Fish don't know they're living in water, nor do they stop to wonder where the water came from. Humans? Not much better, as we share a world engulfed by television. And the deeper our immersion becomes, the less likely it seems we'll poke our heads above the surface and see there must have been life before someone invented TV.
I enjoy the big S.A.T. words e.g., “Simulacra” and by including this word in your post it has provided me with more pieces of puzzle to connect the dots as I read on . . .
I look forward to additional posts from your site.
I think it’s fair to say then that we similarly need to leave film and television before film and television leave us.
I’ll disagree with this. Once one has the desire to quit television it is easy enough to give up. All one has to do is decide they want to live a meaningful life which an endless pursuit of pleasure and the distraction television provides is totally inconsistent with. Some people when quitting smoking find a substitute like chewing gum to help them through. I’ll suggest the same approach will work for television. Read a book. I wish doing agriculture without oil could be so easy.

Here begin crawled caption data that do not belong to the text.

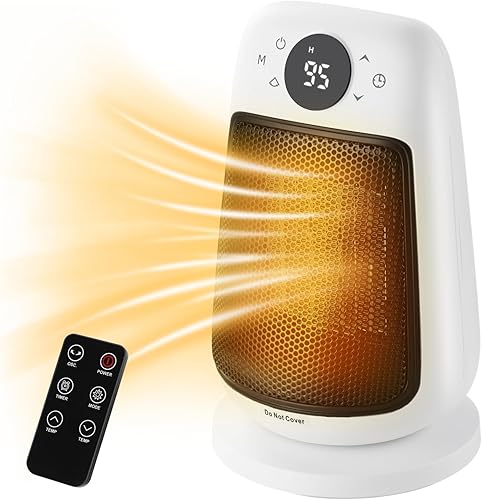 Miniatura 1 de Joyoolife Calentadores de espacio para uso en interiores, calentador eléctrico silencioso de cerámica con pantalla LED y temporizador de 12 horas,
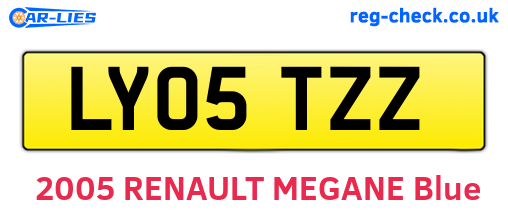 LY05TZZ are the vehicle registration plates.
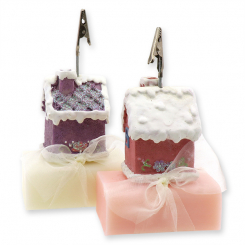 Sheep milk soap 100g, decorated with a house, Classic/peony 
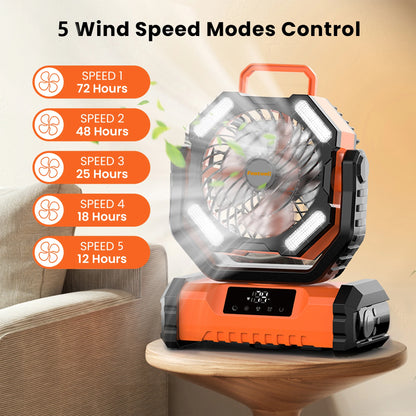 20000mAh LED Camping Fan with Touch Control, 5-Speed USB Rechargeable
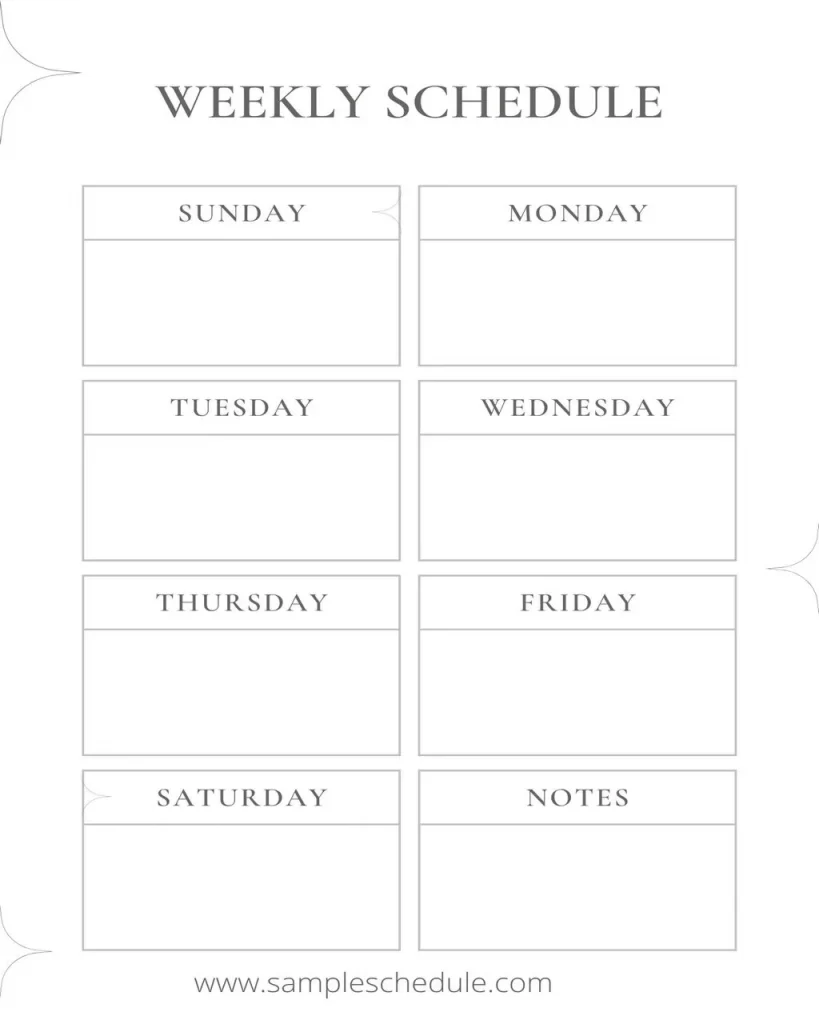 Schedule Template PDF 08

Television is a shadow of reality projected on your cave wall. If the creators of television programming were responsible people television could be an accurate portrayal of reality but it is not and they are not. No matter how big a screen you buy truth will only be seen if it is pleasant and feels good. All you will ever see is what gets the biggest rise out of the most people and puts the most money in the pockets of the people responsible for its programming.
Do you really think a PBS documentary on Ukraine gives anything even remotely resembling truth? PBS became the mouthpiece of government several years ago. It lost all credibility to self aware thinking sentient beings. Now everything on television is sanitized for mass consumption. So if you want to be ordinary dull dumb and easily manipulated; by all means watch lots of television.
If what you mean when you say that you disagree is that one doesn’t need any fear-based reasons to quit TV [and film], then I agree. When I quit, it was partly for the reasons you give, and partly because I figured that if I was no longer going to make films, then I wasn’t going to watch the stuff either. In fact, it wasn’t for another year until I learned about peak oil. That being said, time is running short, and there are unfortunately more reasons now for quitting than just a more fulfilling life.
Perhaps there is no easy answer to how hard it is to quit TV and individual results will vary. I’ve known about peak oil for many many years now and time is running short, very true. But that said, I could be worm food before ***** really hits the fan.
Your picture tells me you will be around long enough to feel the pain. Like Candide, ou l’Optimisme we have learned “we must cultivate our garden” in this which is most certainly not the best of all possible worlds. It is not ‘all good’ as one false peak oil guru says and the thick syrup of optimism in which we swim will make you fat and give you diabetes like high fructose corn syrup.
TV films and video in general are not without some use but the medium of moving pictures and sound immerses one in artificial moments of reality. Unlike the printed word video does not stimulate a mind but dulls it as moving pictures anesthetize and suppress critical thinking. Reading in contrast engages a thinking brain because reading forces a person to think. There is much to be said for ‘being in the moment’ but it should always be a moment you are the master of and not a moment which belongs to somebody else.
Tend your garden, it is all you can do. People in general can’t handle the truth and this will not change. But fellow garden tenders can talk. At least for now.
Agreed. Particularly about how “Unlike the printed word video does not stimulate a mind but dulls it as moving pictures anesthetize and suppress critical thinking. Reading in contrast engages a thinking brain because reading forces a person to think.” As a crude example, how often does one hit the pause button during a documentary for some quiet contemplation? Not to say that critical thinking absolutely cannot occur from watching a film, but I think that it’s the visuals that are front and centre. As well, I can’t see any advantage to a film adaptation of a book, except for ease, which can be rather contrary to the goal of critical thinking.